The town of Kazanluk in Central Bulgaria celebrates the 145th birth anniversary of the founder of its local museum. Petar Topuzov is one of the followers of the ideals of the Bulgarian National Revival Period (18th-19th century), who was a militant for the development of culture and the prosperity of his hometown. It is hard to believe nowadays how he managed to do so much for his fellow townsmen in a single life. But he possessed limitless energy and the rare gift to bring all of his ideas to a happy outcome. He launched the idea of setting up an evening school for apprentices, and also used donation from the wealthy townsman Ivan Hadzhienov to establish the Vocational School for Mechanics. As deputy mayor in 1902 he dedicated himself to the electrification and planting of trees in his town. He published also the local paper, “Kazanlushka iskra”. In 1923 on the 50th anniversary of the founding of the Iskra community culture club he had the idea to organize an agricultural expo. But his greatest achievement was the founding of the local museum in 1901.

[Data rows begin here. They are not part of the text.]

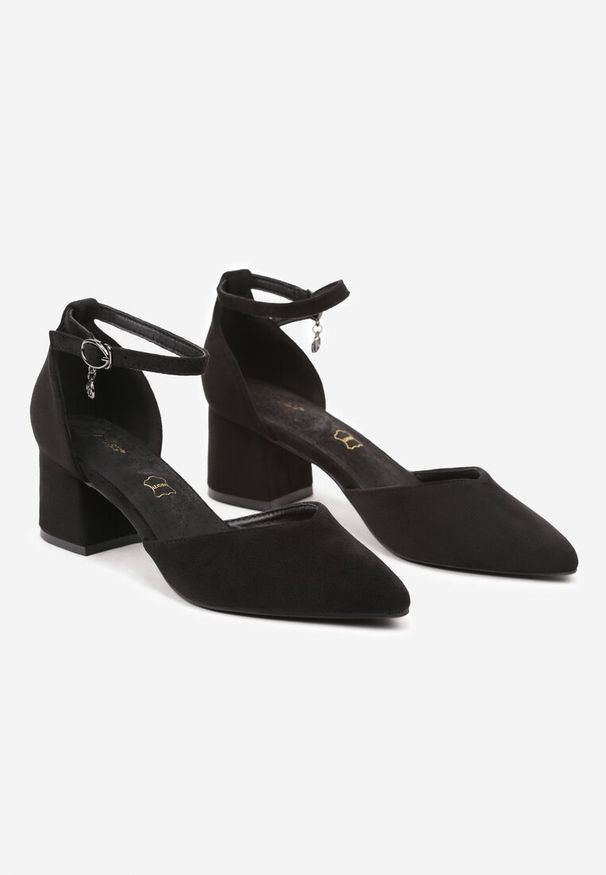 Renee - Czarne Czółenka Vices na Słupku ze Skórzaną Wkładką i Ozdobą przy Pasku Lilria. Okazja: na co dzień. Zapięcie: pasek. Kolor: czarny. Materiał: skóra. Wzór: aplikacja. Obcas: na słupku. Styl: elegancki, casual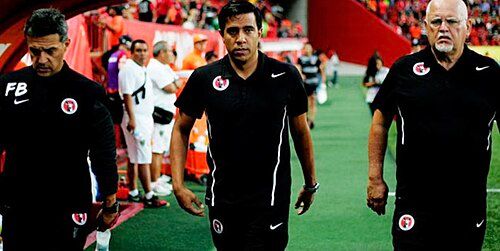 César Farías advierte sobre la crisis interna de Barcelona SC tras empate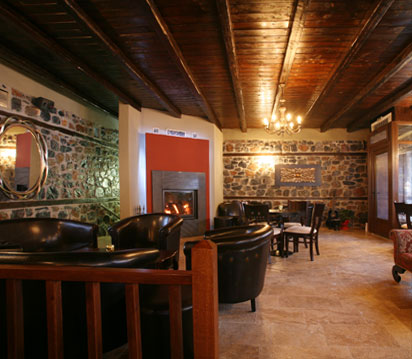Grand suites - café bar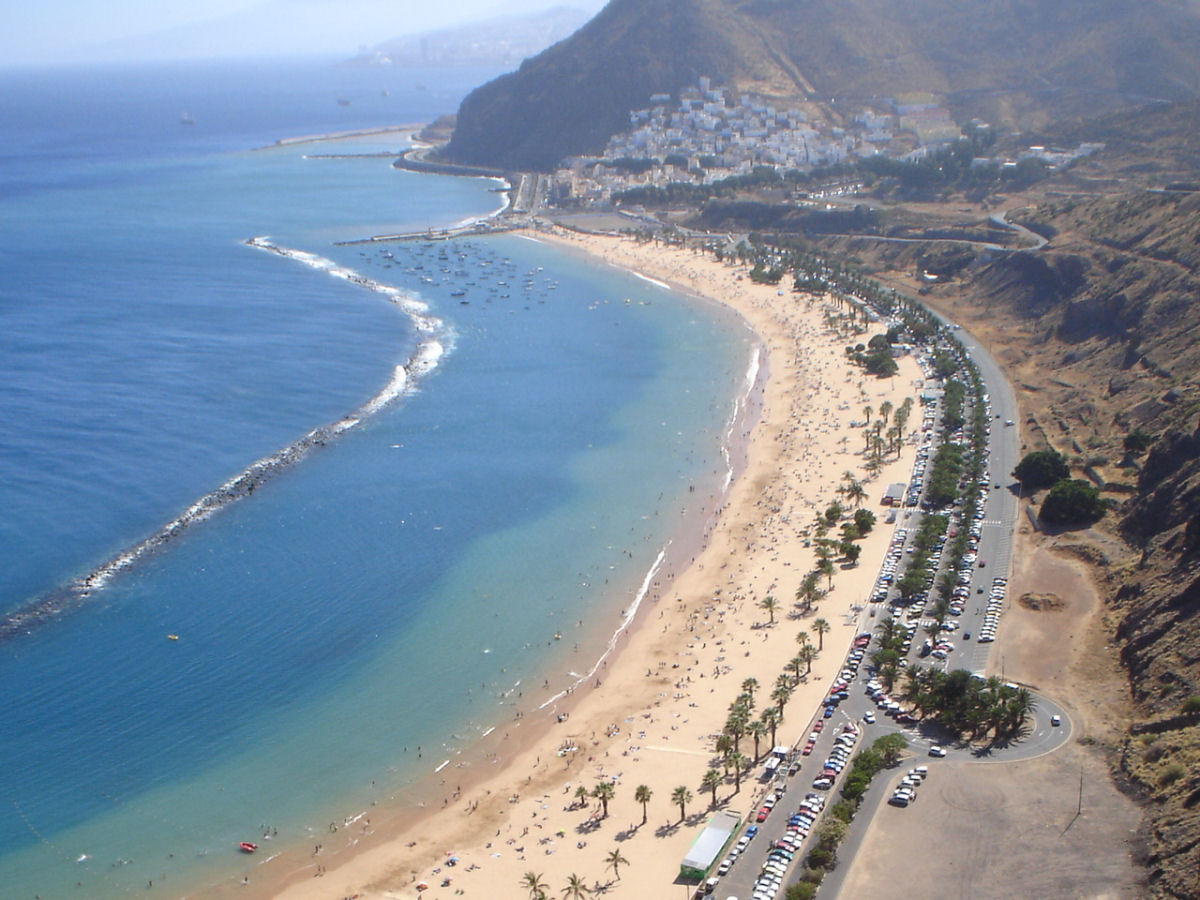s Ilhas Canrias tem uma praia artificial feita com areia do Saara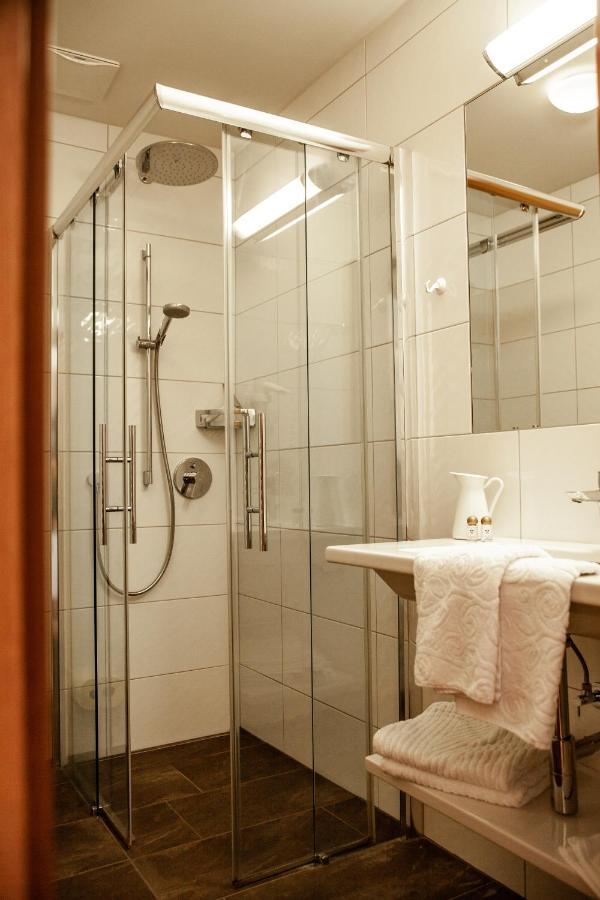 Haus Kathrin Hotel เวอร์เฟนแวง ภายนอก รูปภาพ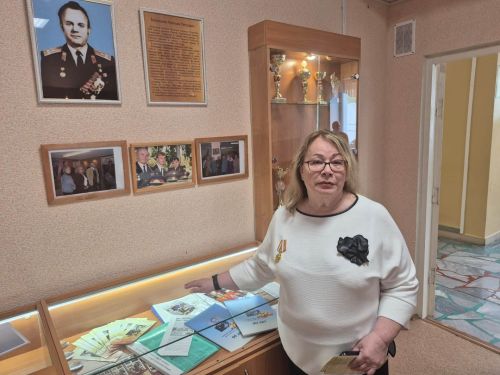 Алексей Петрович Малышев исемендәге Столбище мәктәбендә Советлар Союзы Герое кызы булды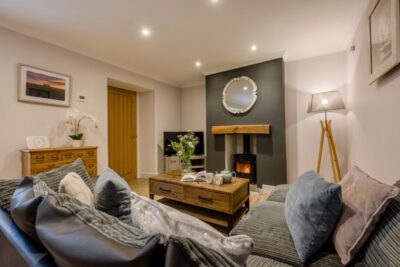 Polperro pet friendly cottage sleeps 6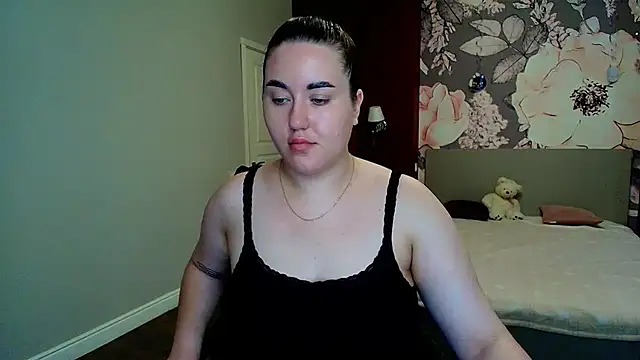Roxie Bradley online show from July 10, 5:45 am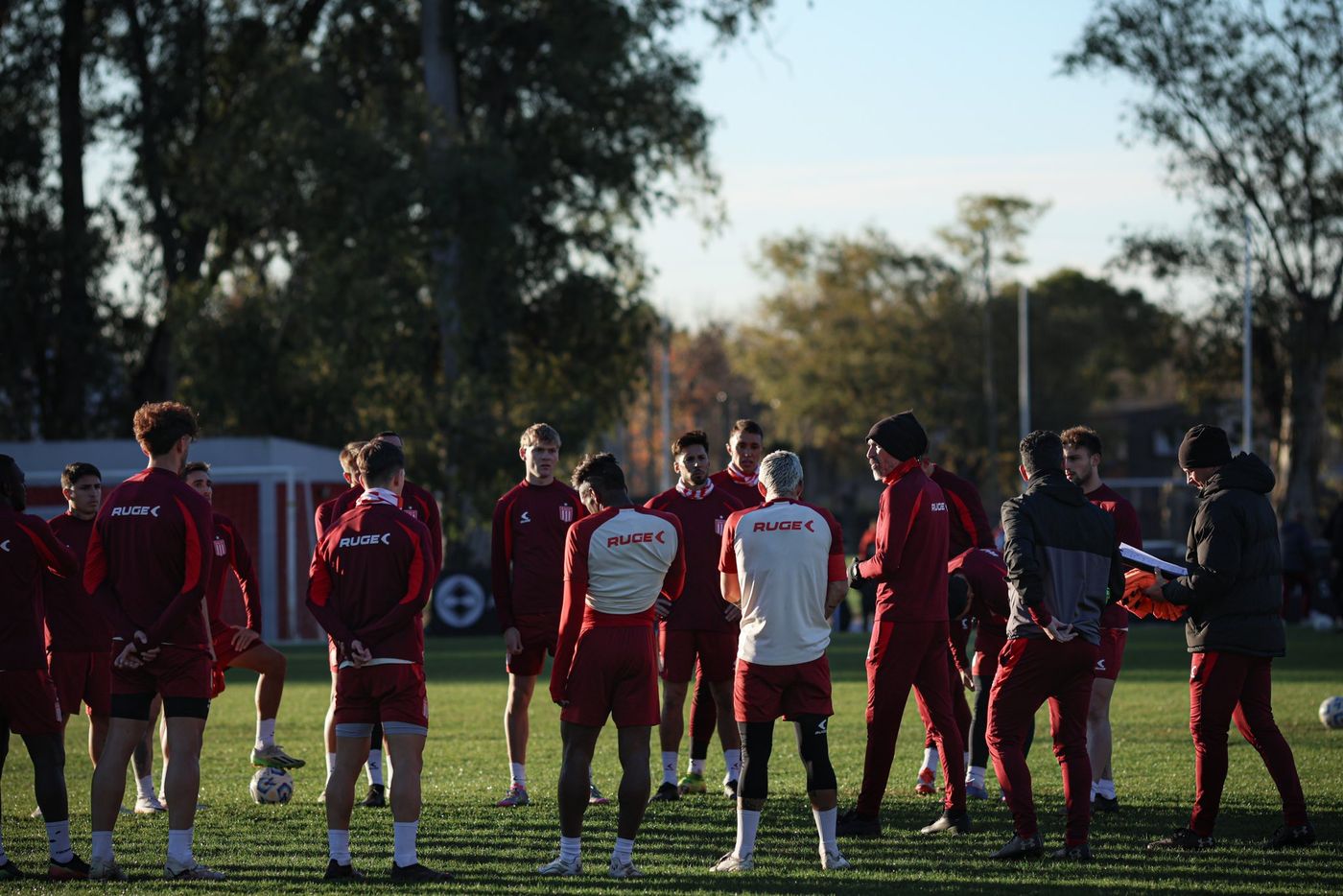 Estudiantes entrenamiento Domínguez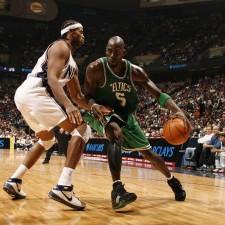 中国足彩竞彩网：哈兰德赛后被问及争冠压力 戏谑回应，至少我没被卡拉格说自私！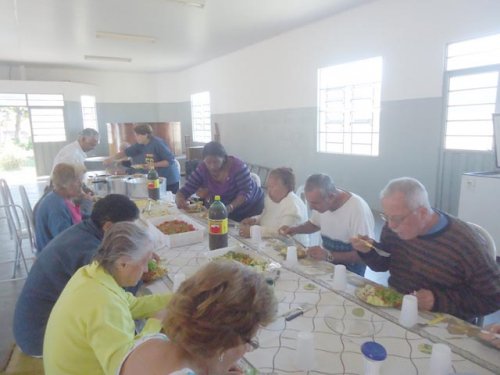 Moradores do Núcleo de Idosos recebem atividades especiais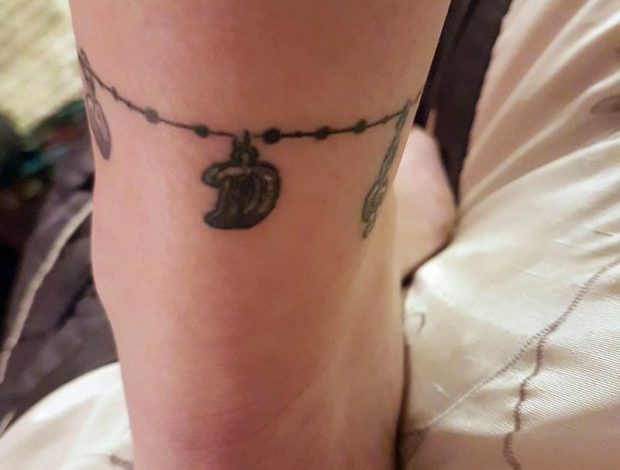 Pas vdekjes së babait, vajza bën tatuazh me hirin e tij…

While he was a high school student in Plovdiv in the 1880s he was a regular visitor to the District Library and was familiar with its museum. So he decided to set up a museum in his hometown. After 10 years of pleading to the municipality administration to open the museum with the community culture club, he decided to take matters into his own hands. He arranged items in a small collection in a cabinet in a small room that housed the kitchen of the theatre buffet. The collection included a medieval arrow, a silver coin from the time of Tsar Svetoslav Terter (1300-1322), a dagger from the theatrical props, the black banner used for the inaugural celebration of the heroic battle of the detachment led by chieftain Hadzhi Dimitar against the Turks, and a fragment of an old marble fountain. And the highlight of the exhibition was a 28-kg pumpkin. He proudly termed his collection “Museum for antiquities and arts” and placed the inscription made by artist Ivan Enchev aka Vidyu above the door. The museum welcomed its first visitors on June 29, 1901. He used the pumpkin to attract the village people who came to the town market every Tuesday. And although visitors left with a smirk by the end of the year some 804 artifacts were collected and the sum of 25 502 BGN.
Was it because of his thoughtfulness or because of his strong will power to pursue his idea, but thanks to the newly established cultural institute Petar Topuzov managed to salvage the local community culture club from the financial crisis they had fallen into. And yet he chose the most unlikely moment to create the museum. The municipality was about to lose the plot on which the new building of the community culture club was being erected for failure to pay mortgages. It was a time of general despondency, and Petar Topuzov wrote in his memoirs with anguish in his heart, “Еverything was abandoned like cattle without a herd. The community culture club received no guests, no one was there to welcome them, anyway…” However, the museum managed to unite the township. And with donations from their fellow townspeople who then lived in Sofia and with their own means they managed to pay the mortgage and save the property.
Under his uncorrupt management the museum quickly developed. Petar Topuzov’s chief merit was that he promoted the idea of safeguarding historical values as the patriotic duty of his townsfolk. He distributed leaflets with guidelines for collecting old artifacts, which he signed “The Keeper of the Old Artifacts in the region of Kazanluk”. In three years’ time the museum occupied already the top floor of the community culture club, and ever since it was founded it had four main divisions: archeological, historical, numismatic and artistic.
To assist in the collecting of artifacts artist Ivan Enchev proposed to set up a tourist society. Thanks to the network of collaborators most of the museum exhibits were donated. Every single donation was carefully registered with the note ‘that it would remain forever’. On the occasion of the museum’s fifth anniversary the municipal paper carried a detailed report which revealed that some 6 544 items had been collected, the money fund amounted to 3 479 BGN, and the number of visitors to 5 231. The museum intended also to publish a catalogue of the collection with colour illustrations, and a special attraction – distilling of rose petals – was devised for the foreign visitors.
Petar Topuzov even mapped out a fantastic scheme to raise money for the maintenance of the museum by digging for ores, signing various concessions. He dug for ores in the Balkan Range, Sredna gora mountain and the Rhodopes. He spent his own savings to the last penny, some 2 000 BGN, but nevertheless he failed to realize his plan.
The hardest times came after World War I, when as he wrote in a letter to the president of the community culture club, he had ‘either to be a monk, or a millionaire. It takes time and money, and it takes a massive stone building with walnut cabinets and glass windows, and poetic inspiration, but in 1918/19 I was living through sheer prose, struggling for a living, considering the overall high cost of living…”
Perhaps it was the ‘poetic inspiration’ that was the key to the successful entrepreneurship of the tireless, vigilant and dedicated museum director. Although he had received no special education and preparation, he created one of the best-kept museums in Bulgaria at the time, and deserved the recognition of the professional museum workers. By the end of 1909 he was already a member of the Bulgarian Archeological Society. On the occasion of the museum’s 20th anniversary Petar Topuzov was awarded the St. Alexander order, 4th degree.